You Want It, You Got It is the second studio album by Canadian singer-songwriter Bryan Adams, released on 21 July 1981 by A&M Records.

Background and recording

This was the album that established the sound that Adams has retained throughout his recording career. Unlike Adams' debut album where he and Jim Vallance played most of the instruments themselves, You Want It You Got It was recorded live in the studio. The album was recorded at Le Studio in Morin-Heights, Quebec over a two-week period during the spring of 1981 and was mixed at The Power Station in New York City. The album was originally to be titled Bryan Adams Hasn't Heard Of You Either (due to critics' indifference to his first album and singles) but Adams' sense of humour didn't make it past the gatekeepers at the record company, who opted for the safer title.

Release and reception
The first single "Lonely Nights" became a hit in upstate New York long before it broke anywhere else. This was partially due to a couple of late night DJs working in Rochester, Albany and Syracuse. Record World said of "Lonely Nights" that Adams' "raspy tenor stretches with convincing emotion on the chorus flights and his hellbent guitar solo will attract the attention of AOR rockers."

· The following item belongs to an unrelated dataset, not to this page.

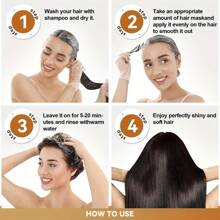 Conjunto de 2 piezas de cuidado del cabello con proteínas - Contiene champú y acondicionador para dejar el cabello brillante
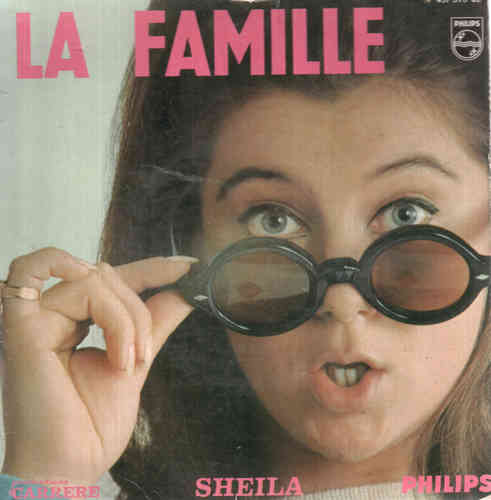 VINYL45T sheila la famille 1967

Within a few months the album had been picked up across the United States and Adams was soon on tour doing clubs and noon hour concerts for radio stations, as well as support to such acts as The Kinks and Foreigner. The song eventually peaked at number 3 on the Billboard's Mainstream Rock Tracks chart, Adams' largest hit on that chart until "Run to You" in 1985, while peaking at number 84 on the Billboard Hot 100. Two further singles 'Coming Home' and 'Fits Ya Good' met with positive reviews by critics, the latter becoming Adams' first Top 40 hit in Canada, peaking at number 30, and at number 15 on the Billboard Mainstream Rock Tracks chart.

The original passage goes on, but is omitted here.